● PROMPT
Repeat the records exactly, minus the pictures.

[Start of section]

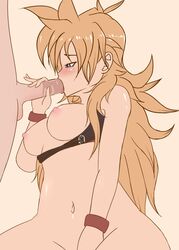 1girls blonde blonde_hair blue_eyes blush blushing breasts dragon_ball dragon_ball_xenoverse fellatio fingering fingering_self hips long_blonde_hair long_hair looking_pleasured nipples oral original_character red_bracelet saiyan shiny shiny_skin shirt_down small_breasts tongue wide_hips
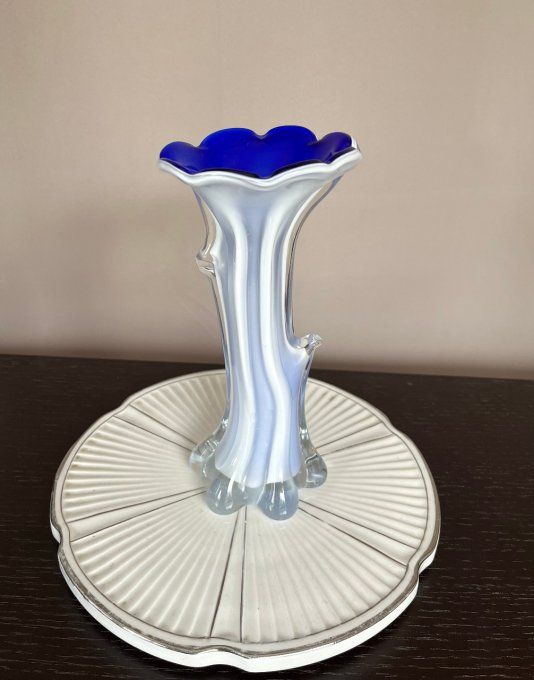 Vase corolle, soliflore en verre de Murano, soufflé main, années 60-70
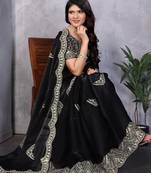 Black shimmer chiffon embroidery saree with unstitched blouse piece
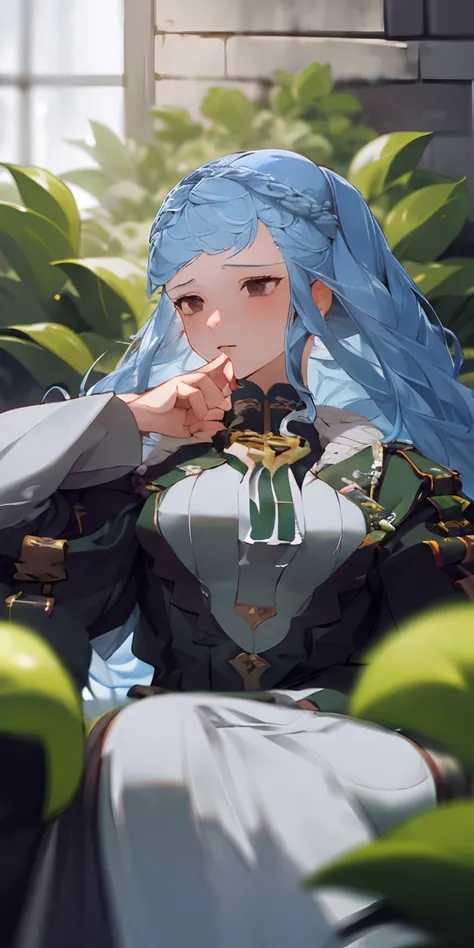 (masterpiece, best quality),1girl with long white hair sitting in a field of green plants and flowers, her hand under her chin, ...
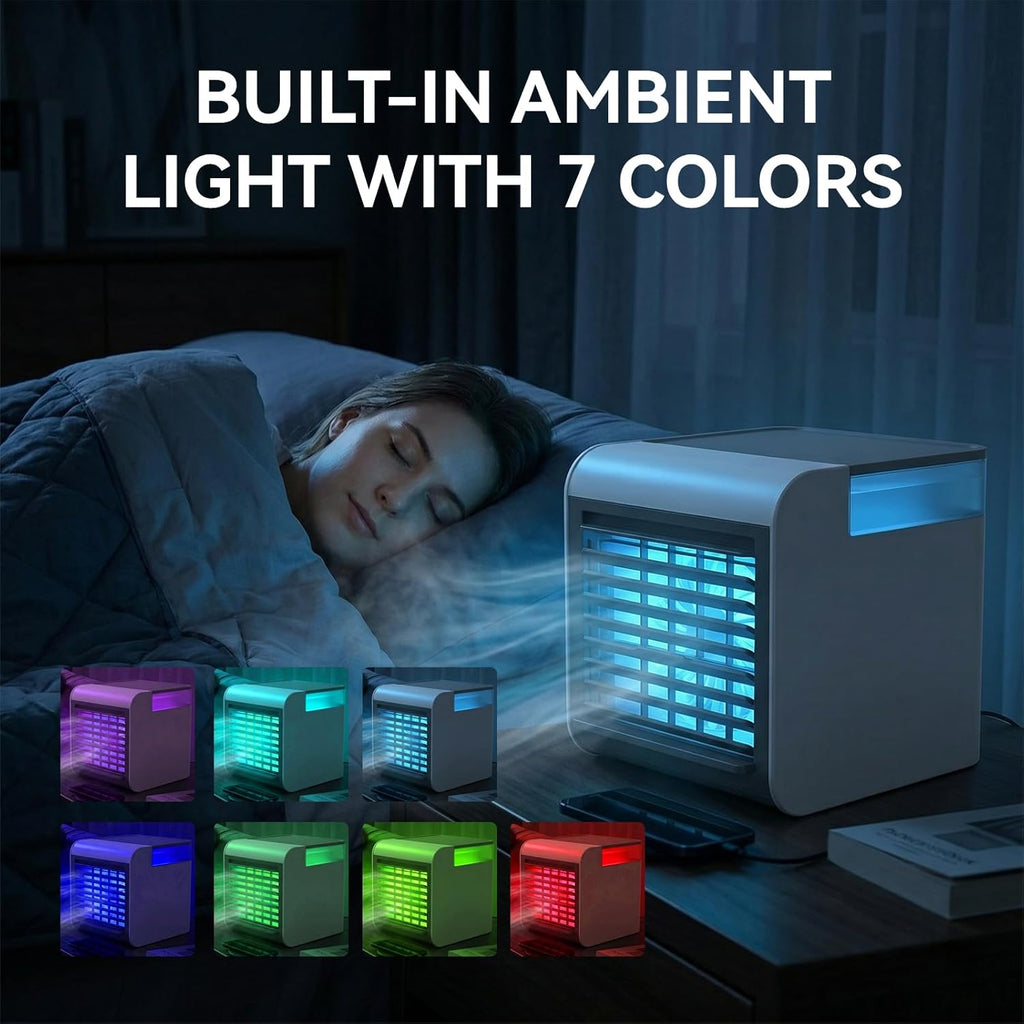 Portable Air Conditioner Fan, 4-in-1 Mini Air Cooler with 450ML Water Tank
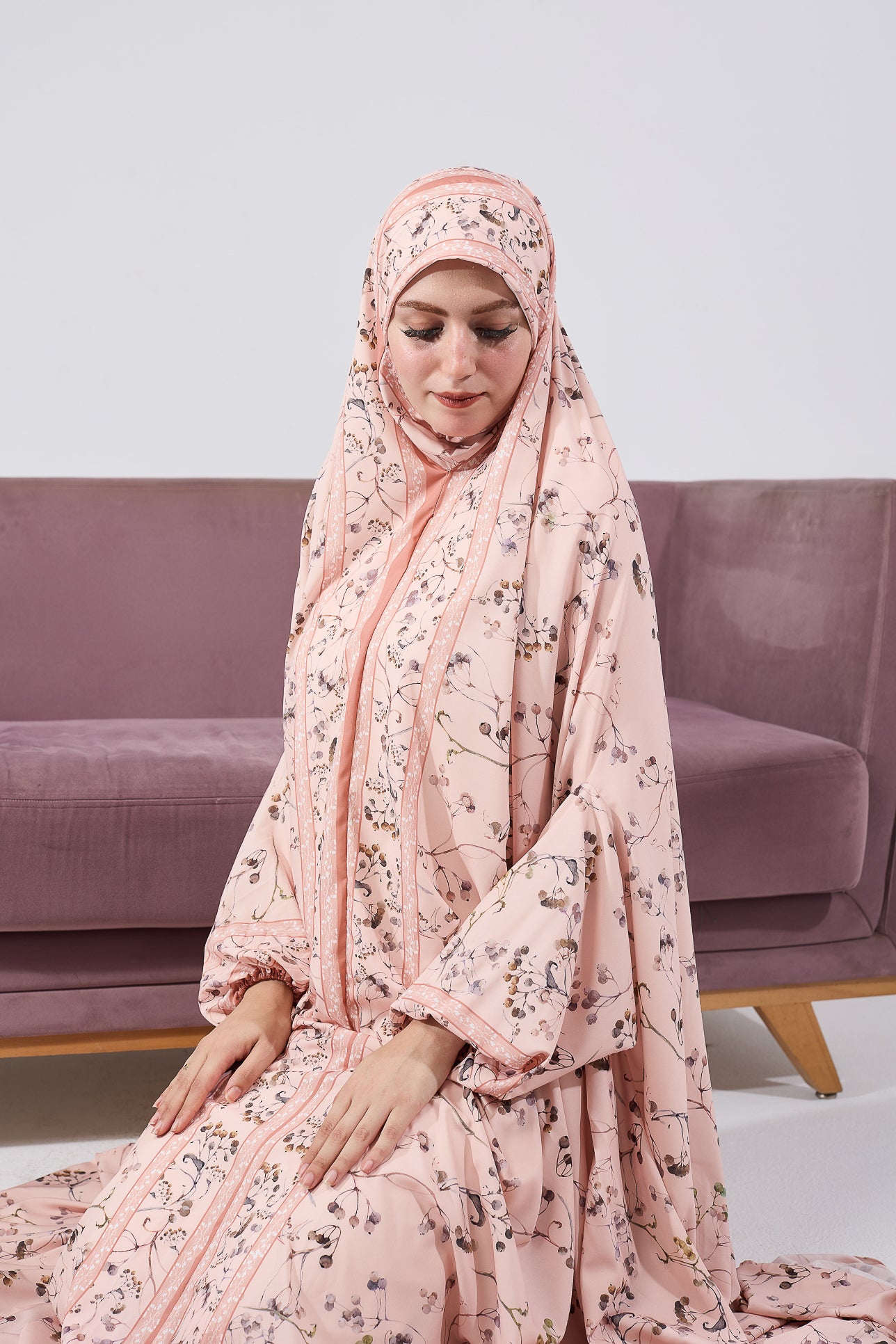 Nouria Satin Floral Prayer Gown - Elegant Floral Print Islamic Prayer Dress with Elastic Cuffs for Women - Perfect for Salah, Ramadan, Eid and Home Worship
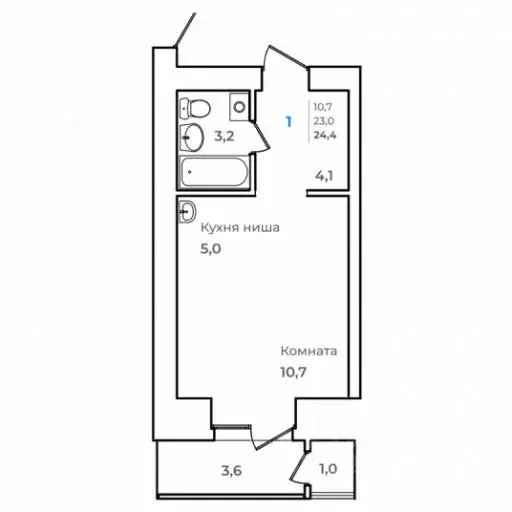 1-к кв. Амурская область, Благовещенск Зейский Бульвар жилой комплекс ... - Фото 1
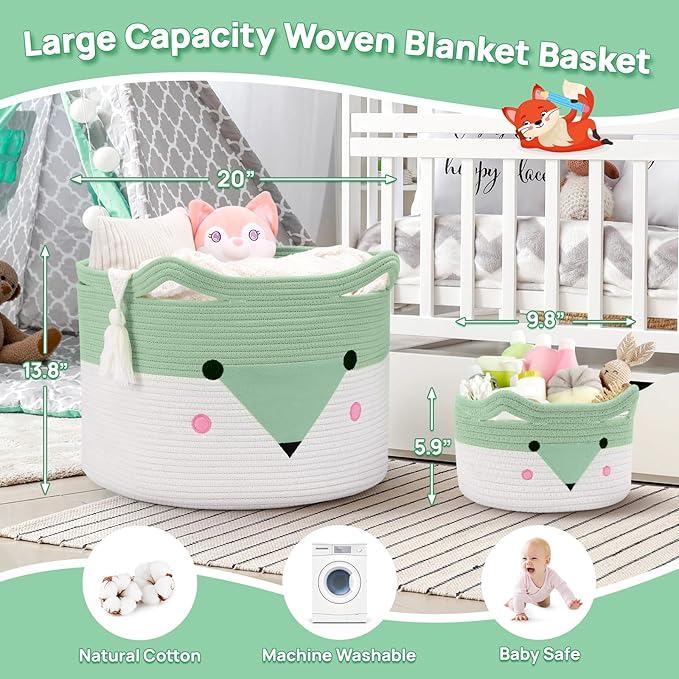 Large Baby Basket Toy Storage 3 Pack, (20"x13.8") Woven Baby Laundry Basket, Stuffed Animal Storage.-Ruum Studio Home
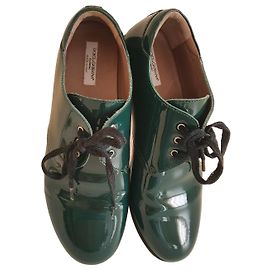 Dolce & Gabbana Chaussures à lacets en cuir verni vert Vert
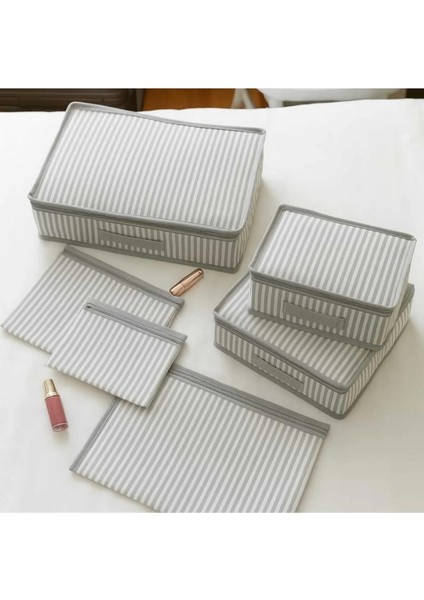 6'lı Valiz Içi Düzenleyici Set/bavul Içi Organizer Seyehat Çantası Hurç Seti Gri Çizgili fiyatları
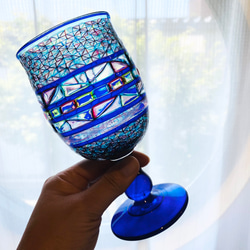 《新作》Creema10周年記念・CreemaBlue プリズム万能グラス 限定カラー作っちゃいました！『受注制作』 4枚目の画像
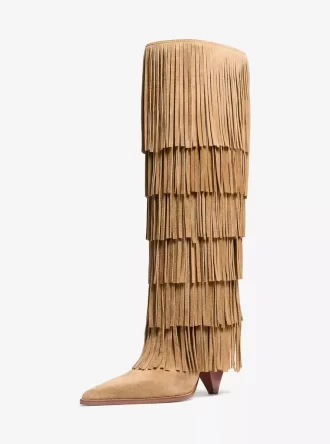 Bota alta de ante con flecos Jayla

[End of section]

● ANSWER
 1girls blonde blonde_hair blue_eyes blush blushing breasts dragon_ball dragon_ball_xenoverse fellatio fingering fingering_self hips long_blonde_hair long_hair looking_pleasured nipples oral original_character red_bracelet saiyan shiny shiny_skin shirt_down small_breasts tongue wide_hips
 Vase corolle, soliflore en verre de Murano, soufflé main, années 60-70
 Black shimmer chiffon embroidery saree with unstitched blouse piece
 (masterpiece, best quality),1girl with long white hair sitting in a field of green plants and flowers, her hand under her chin, ...
 Portable Air Conditioner Fan, 4-in-1 Mini Air Cooler with 450ML Water Tank
 Nouria Satin Floral Prayer Gown - Elegant Floral Print Islamic Prayer Dress with Elastic Cuffs for Women - Perfect for Salah, Ramadan, Eid and Home Worship
 1-к кв. Амурская область, Благовещенск Зейский Бульвар жилой комплекс ... - Фото 1
 Large Baby Basket Toy Storage 3 Pack, (20"x13.8") Woven Baby Laundry Basket, Stuffed Animal Storage.-Ruum Studio Home
 Dolce & Gabbana Chaussures à lacets en cuir verni vert Vert
 6'lı Valiz Içi Düzenleyici Set/bavul Içi Organizer Seyehat Çantası Hurç Seti Gri Çizgili fiyatları
 《新作》Creema10周年記念・CreemaBlue プリズム万能グラス 限定カラー作っちゃいました！『受注制作』 4枚目の画像
 Bota alta de ante con flecos Jayla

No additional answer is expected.